Input records Start Marker
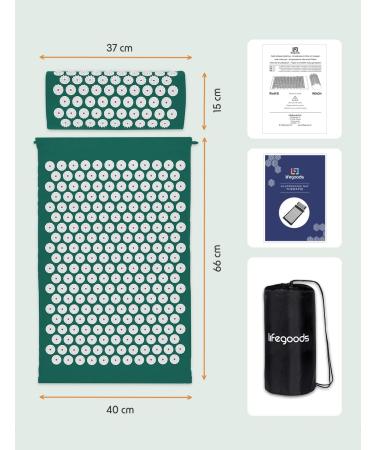 Lifegoods Acupressure Mat with Pillow - Battery-Powered Massage & Acupuncture Mat for Back Pain Relief - Green & White - Buy Online on GoSupps.com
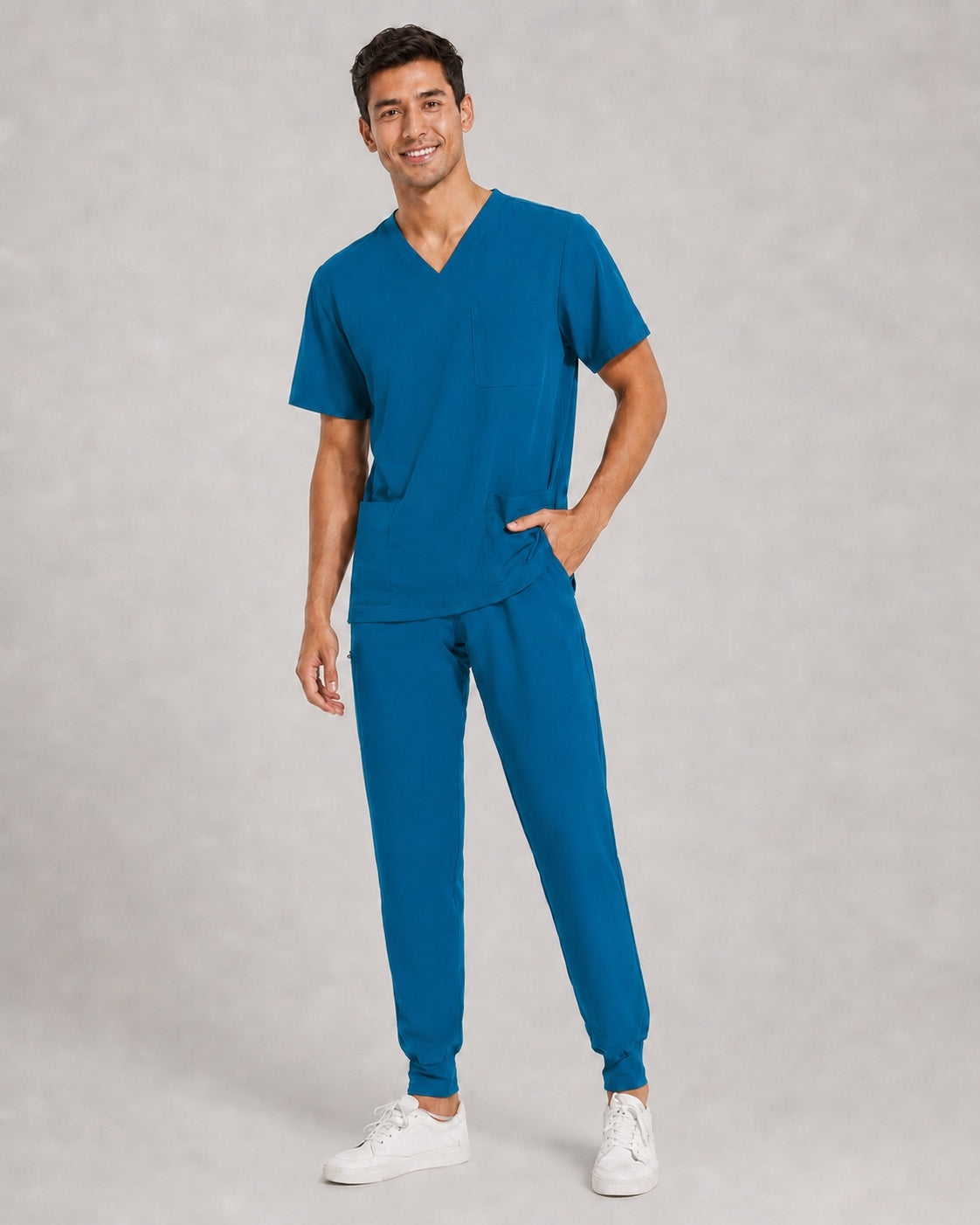 Men's V-Neck Scrubs Set – Stretch Jogger Pant, 8 Pockets, Yoga Waistband | Regular & Tall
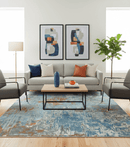Modern Abstract Design Beige And Blue 8x10 Hand Knotted Wool, Art Silk Rug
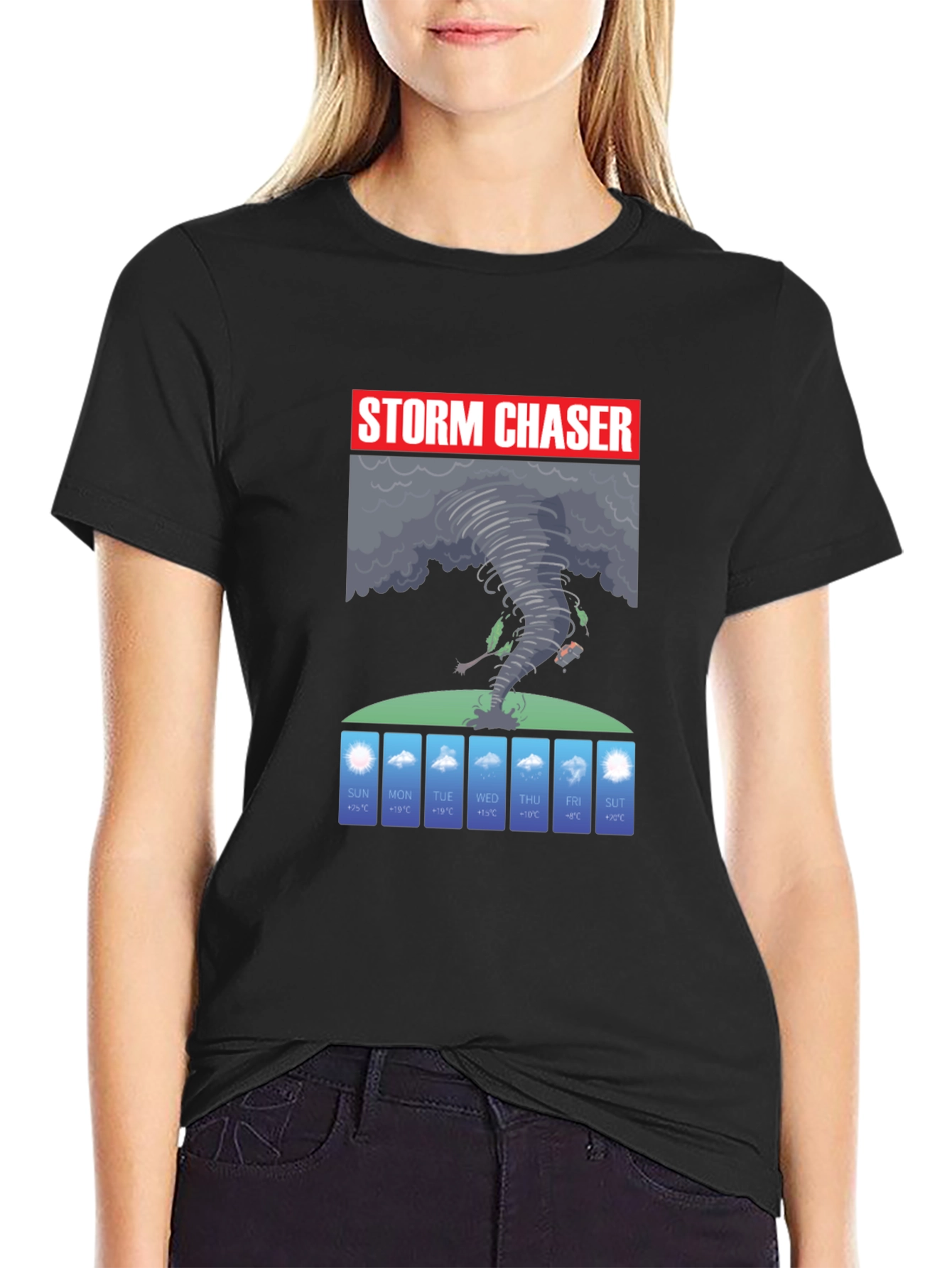 Black Storm Chaser Graphic T-Shirt - Weather Forecast Design view 2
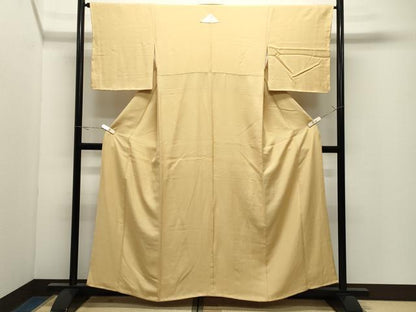 平和屋着物●上質な色無地　卵色　正絹　逸品　未使用　CABK2308gh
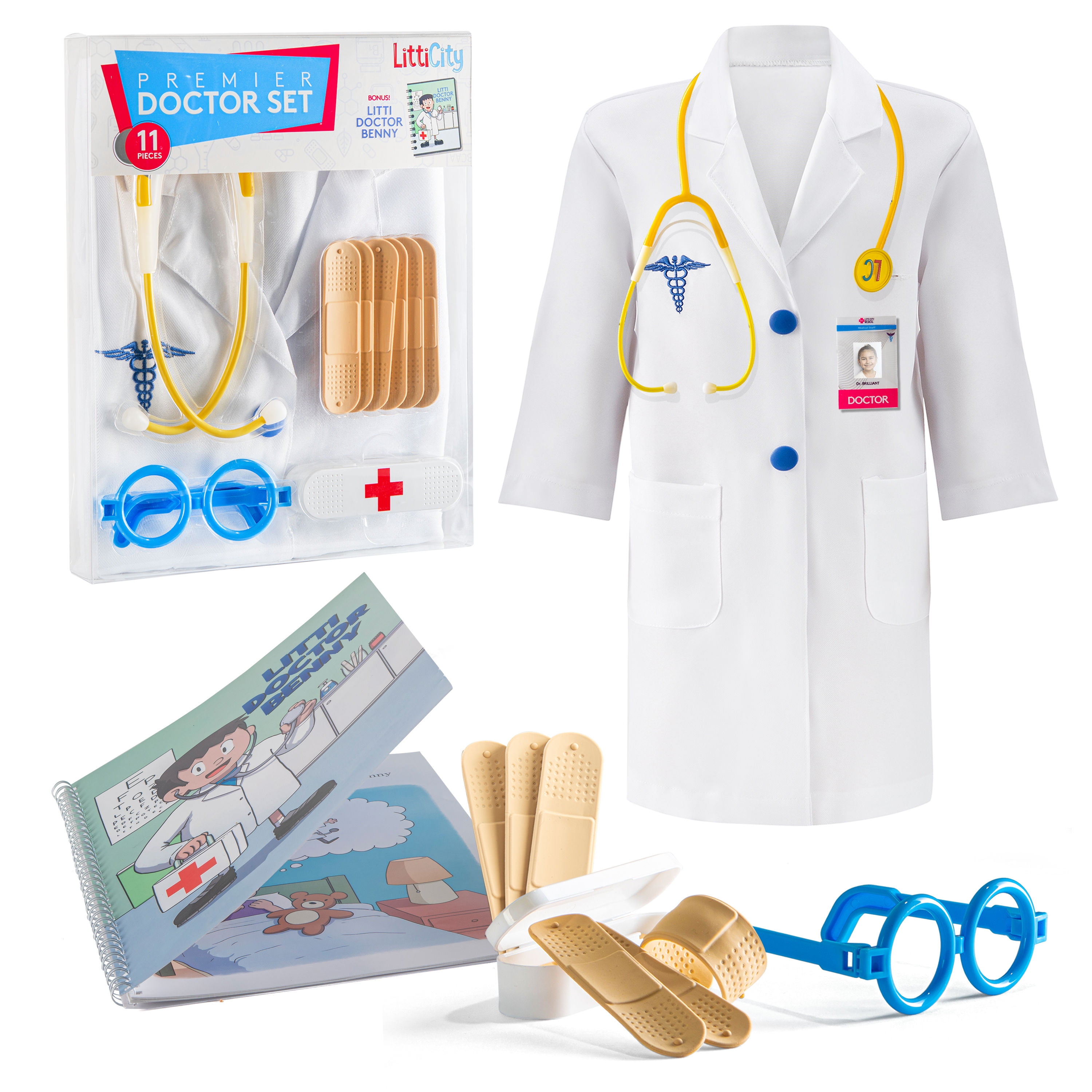Litti City Doctor Kit for Kids - Complete Doctor/ Vet Accessories with White Doctor Coat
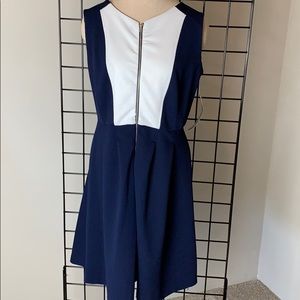 NWT TIANA B. Fit & Flare Dress, Fall Weight Navy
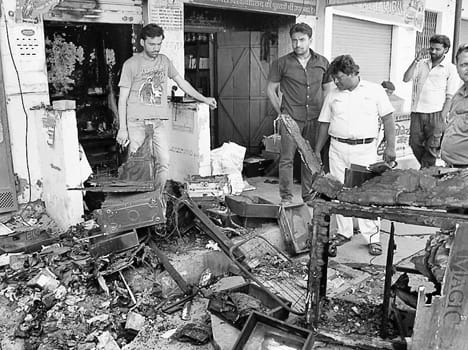 Mobile shop fire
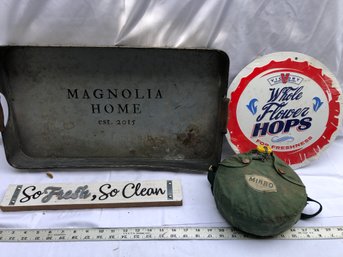 Large Metal Tray, Sign, Whole Flower Hops, Victory, Brewing, Co., Old Canteen, Dirty Needs Cleaning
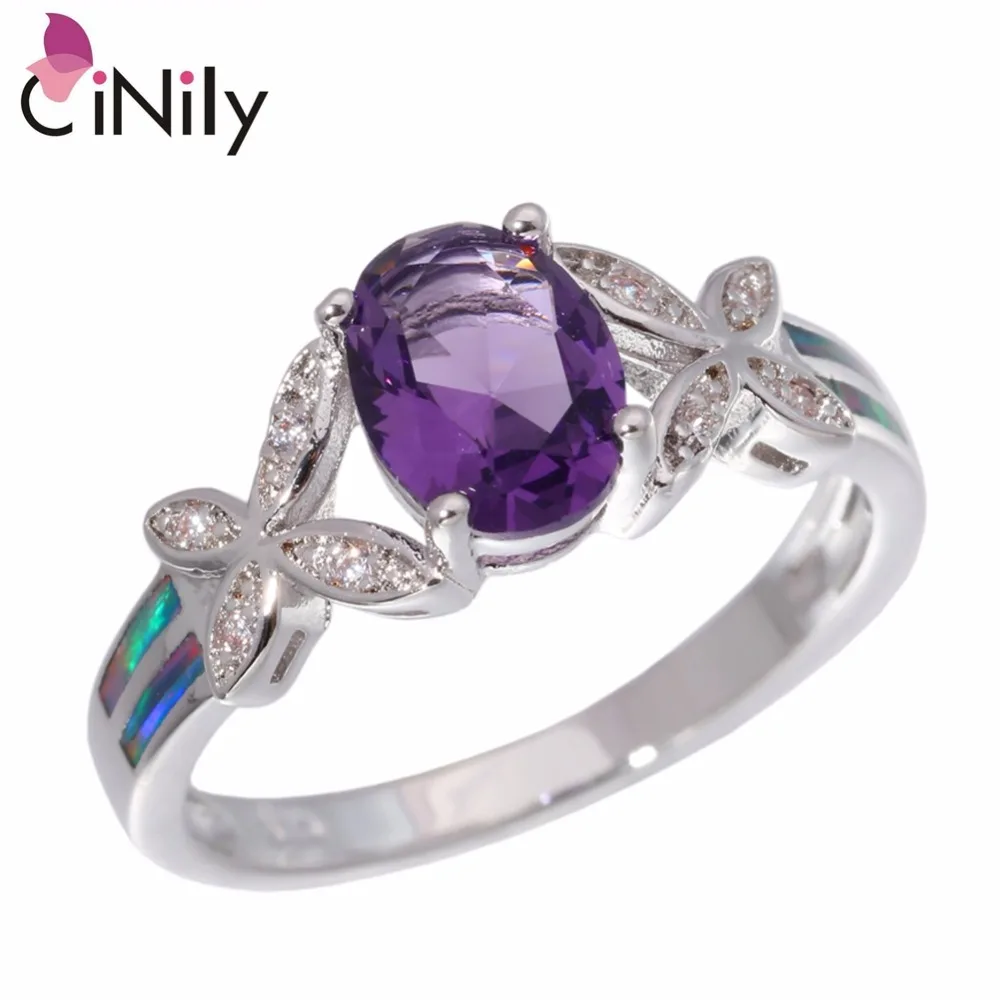 Женское посеребренное кольцо CiNily с радужным огненным опалом и фиолетовым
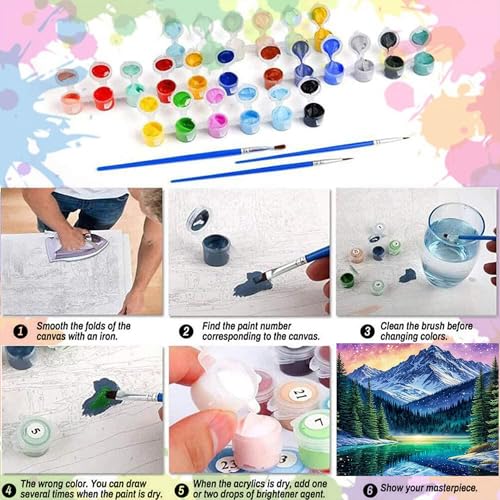 Arttoplus Starry Night Paint by Numbers Kit for Adults Beginner 16x20 inch - color: MT22611-US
Input records End Marker
About this task: Please print each entry exactly as given and keep pictures out of it.

Task answer:
 Lifegoods Acupressure Mat with Pillow - Battery-Powered Massage & Acupuncture Mat for Back Pain Relief - Green & White - Buy Online on GoSupps.com
 Men's V-Neck Scrubs Set – Stretch Jogger Pant, 8 Pockets, Yoga Waistband | Regular & Tall
Modern Abstract Design Beige And Blue 8x10 Hand Knotted Wool, Art Silk Rug
 Black Storm Chaser Graphic T-Shirt - Weather Forecast Design view 2
 平和屋着物●上質な色無地　卵色　正絹　逸品　未使用　CABK2308gh
Litti City Doctor Kit for Kids - Complete Doctor/ Vet Accessories with White Doctor Coat
 NWT TIANA B. Fit & Flare Dress, Fall Weight Navy
 Mobile shop fire
 Large Metal Tray, Sign, Whole Flower Hops, Victory, Brewing, Co., Old Canteen, Dirty Needs Cleaning
 Женское посеребренное кольцо CiNily с радужным огненным опалом и фиолетовым
 Arttoplus Starry Night Paint by Numbers Kit for Adults Beginner 16x20 inch - color: MT22611-US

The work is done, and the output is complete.